Sin lugar a dudas el comandante Chávez maneja con mucho tino muchos de los aspectos de la vida nacional. Quizá demasiados. «Pareces el alcalde de Venezuela», le dijo alguna vez Fidel Castro. Y ahí asienta otra de las grandes debilidades de la revolución, que podría echar por la borda la búsqueda de un genuino poder popular. ¿Puede un proceso de transformación social asentarse en una sola persona? No, eso es incorrecto. ¿Qué pasa si desaparece esa persona: se termina la revolución? Pero, ¿no es el socialismo, tal como lo decía el epígrafe de Lenin, la búsqueda de un mundo donde realmente todos somos iguales, intercambiables en un sentido, donde nadie es imprescindible y al mismo tiempo todos y todas valemos por igual? Si la revolución en curso es «chavista», desaparecido Chávez desaparece la revolución. De ahí el sentimiento triunfal de la derecha -y, reconozcámoslo con valentía: nuestro sentimiento de desconsuelo- cuando se perdió la justa electoral de diciembre pasado. Todos sabemos que, hoy por hoy, la revolución es Hugo Chávez; si ahora no se puede reelegir para las próximas elecciones, ¿hay que olvidarse entonces de los sueños socialistas, de una nueva sociedad, de la justicia y la igualdad para todos? ¿No tenemos que buscar enmendar esa debilidad? Y si efectivamente logran matarlo ¿se termina todo? Y si se muere de muerte natural antes de completar su período, ¿no hay más socialismo?

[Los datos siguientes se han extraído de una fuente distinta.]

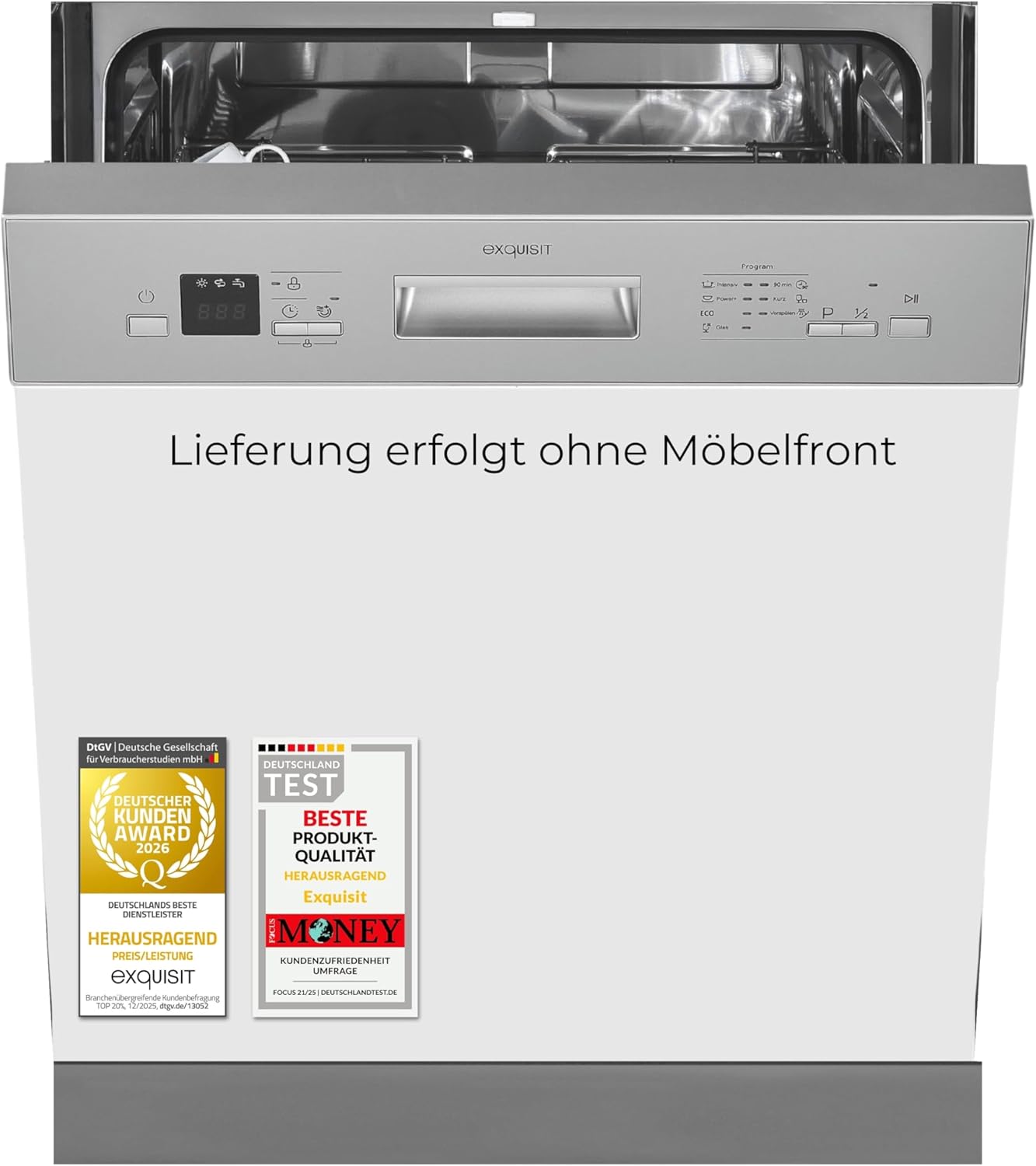 Exquisit Einbau-Geschirrspüler EGSP56312-EB-030E | 12 Maßgedecke | 7 Programme, Eco, Power+, Extra-Trocknung | Inox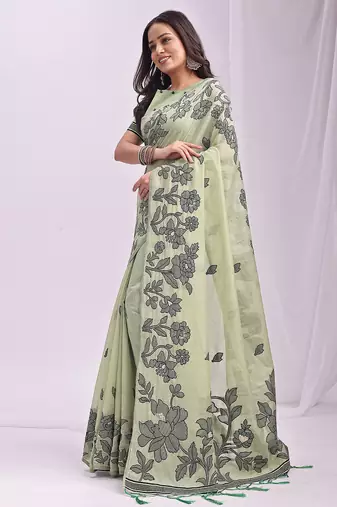 mint green floral printed saree for women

Es por eso que, sabiendo que en la Venezuela actual no es posible el socialismo sin Chávez, pero conscientes también que sólo con Chávez no puede haber socialismo, que es imprescindible desarrollar el verdadero poder popular -no el de los funcionarios chavistas que andan orgullosos con guardaespaldas y carros de lujo-, debe buscarse la articulación entre ese liderazgo (que no debe ser el de un «alcalde del país», porque eso es demasiado peligroso) y el poder de las bases. De esa articulación, con un partido revolucionario real que le dé forma y contenido (¡partido revolucionario real!, no amontonamiento de personas), podrá depender el éxito de la revolución. Si no, inexorablemente la derecha volverá a triunfar y nuevamente serán años de espera y sufrimiento para el campo popular.